The ACC, however, claimed its work in the access litigation was necessary and justified, saying the “vast bulk of the information at stake” is that of the Committee’s constituents.




“Thus, when both debtors and strangers to this bankruptcy sought to strip that information of confidentiality protection altogether, it was well within the ACC’s role to protect its constituency’s interests in confidentiality recognized in the protective orders,” the Committee argues. “It was also wholly within the ACC’s role to insist on absent claimants’ due process rights to notice and an opportunity to be heard before issue was joined on whether those prior orders should give way to public access.”




The debtors’ specific objections were as follows:




-March: Committee requested $453,779 in fees and $26,473 in expenses total. Debtors disputed $241,339 in total fees, specifically $192,648 in fees relating to access litigation;




-April: Committee requested $784,577 in fees and $29,642 in expenses total. Debtors disputed $281,427 in total fees, specifically $276,925 in fees relating to access litigation;




-May: Committee requested $658,714 in fees and $76,835 in expenses total. Debtors disputed $244,622 in total fees, specifically about $177,329 in fees relating to access litigation; and




-June: Committee requested $637,960 in fees and $42,681 in expenses. Debtors disputed $273,465 in total fees, specifically about $213,659 in fees relating to access litigation.




The debtors objected to roughly 50 percent of the amount requested in relation to the access litigation for each month, and the entire amount requested in March.

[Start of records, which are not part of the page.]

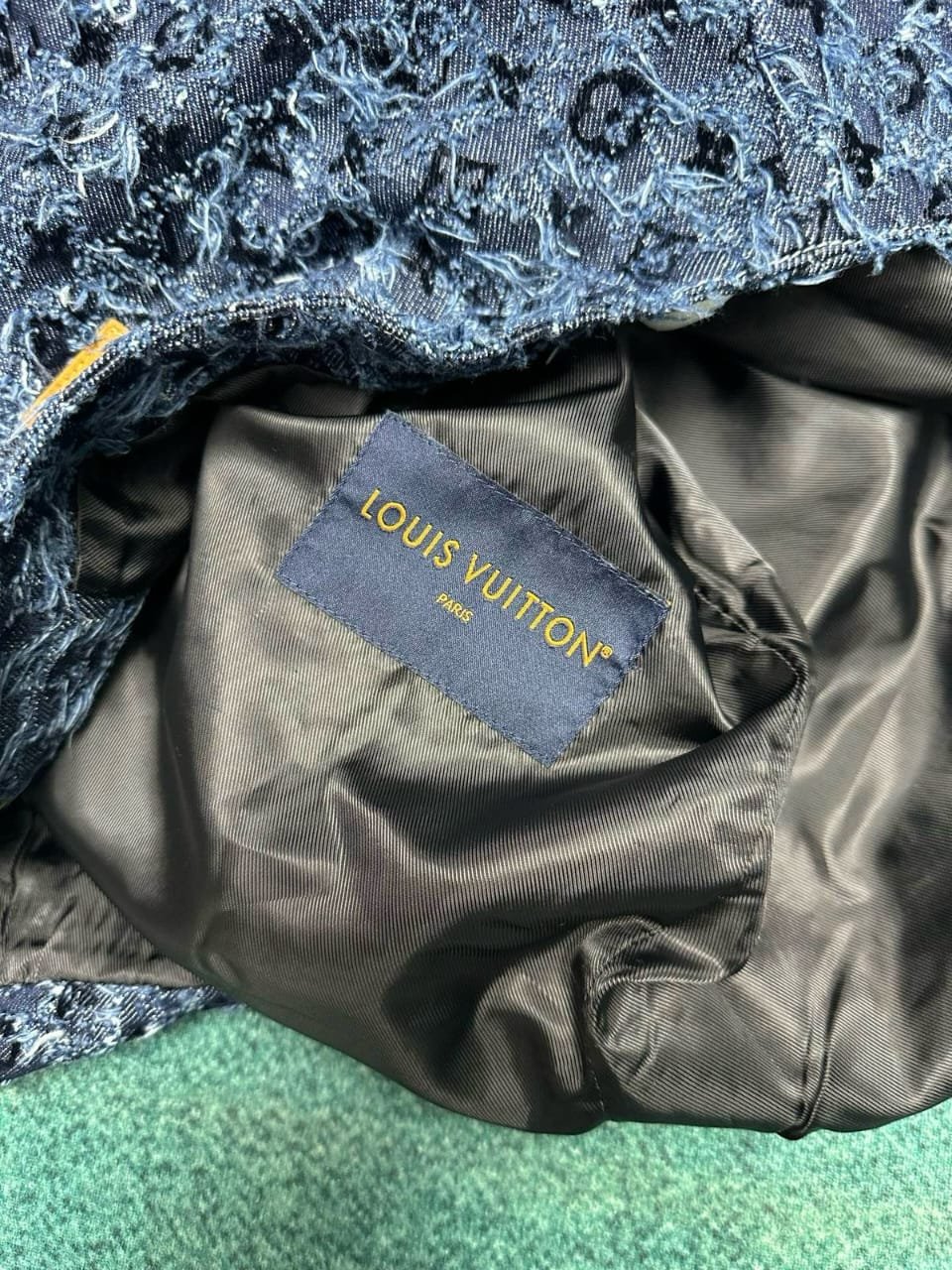 LOUIS VUITTON Denim Jacket - Image 7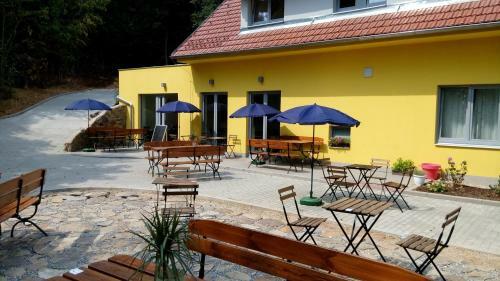 Hostal Mezi Stromy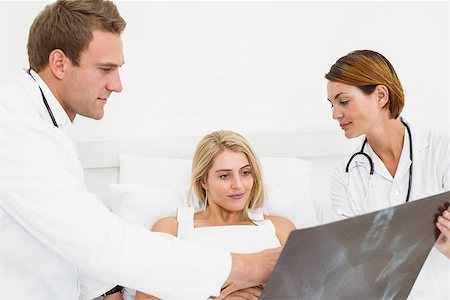 simsearch:400-07778150,k - Male doctor explaining x-ray to patient in the hospital Stock Photo - Budget Royalty-Free & Subscription, Code: 400-07778207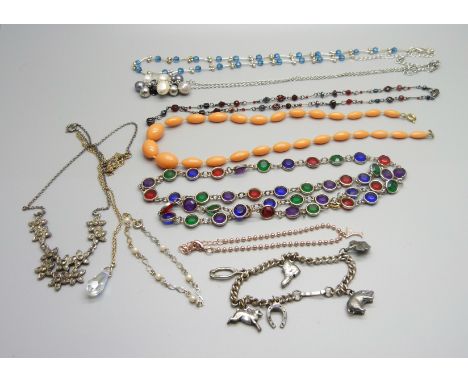 Vintage necklaces and bracelets 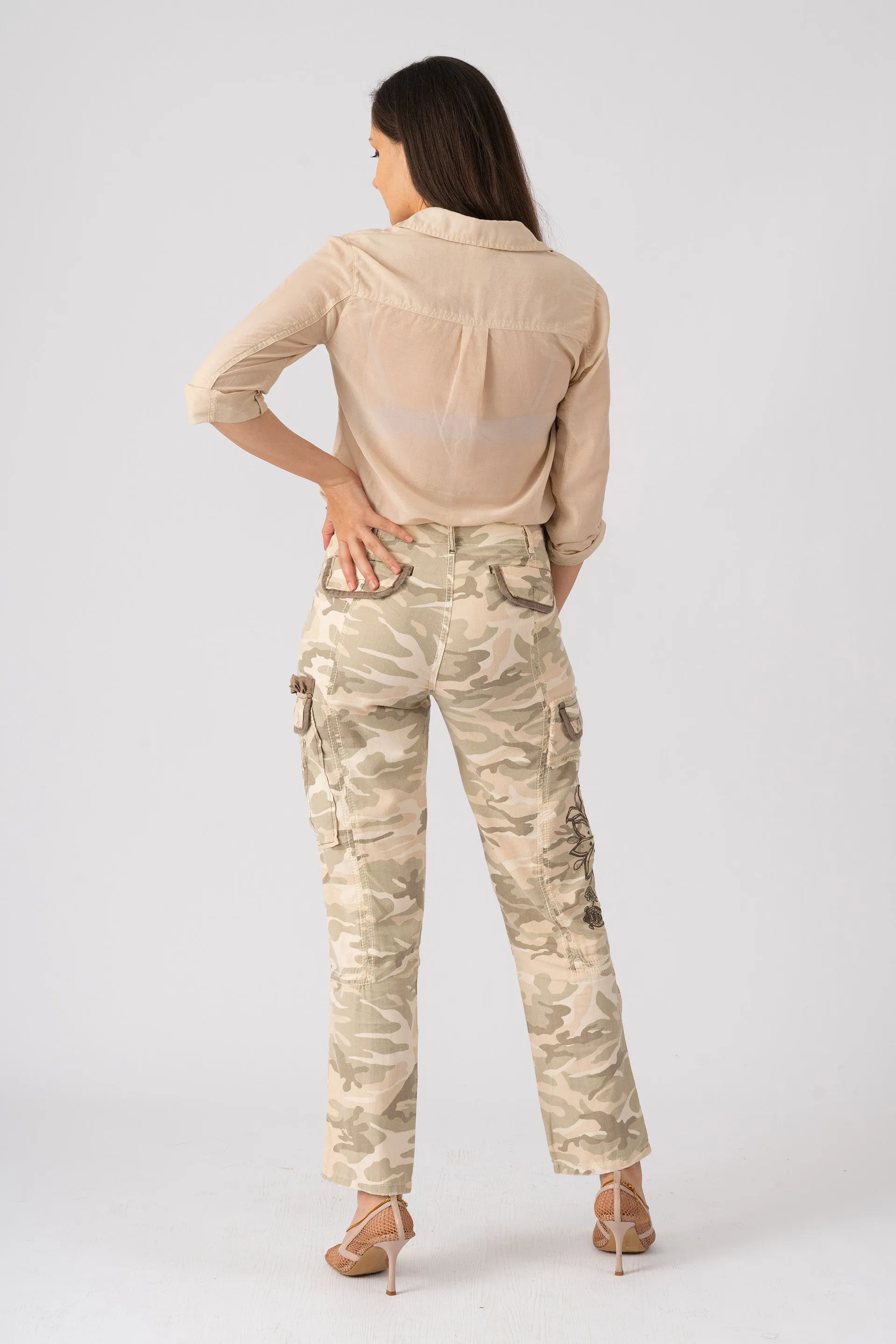 Tencel cargo pants with embroidery in White Camo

In the debtors’ objection, they claimed the requested fees regarding the Committee’s alleged work in the access litigation was outside the proper scope of the Committee’s role in these cases.




The debtors called the various filings by the ACC “nothing more than a game of keep away, attempting to prevent any court from reaching the merits of the access issues.”




However, the ACC claimed the debtors “took an expansive view of their own role in the access litigation while insisting that the Committee should stay on the sidelines.”




“Debtors’ motive to thwart the ACC’s ability to resist aggressive maneuvers in the access litigation should weigh heavily against debtors’ objections,” the Committee argues.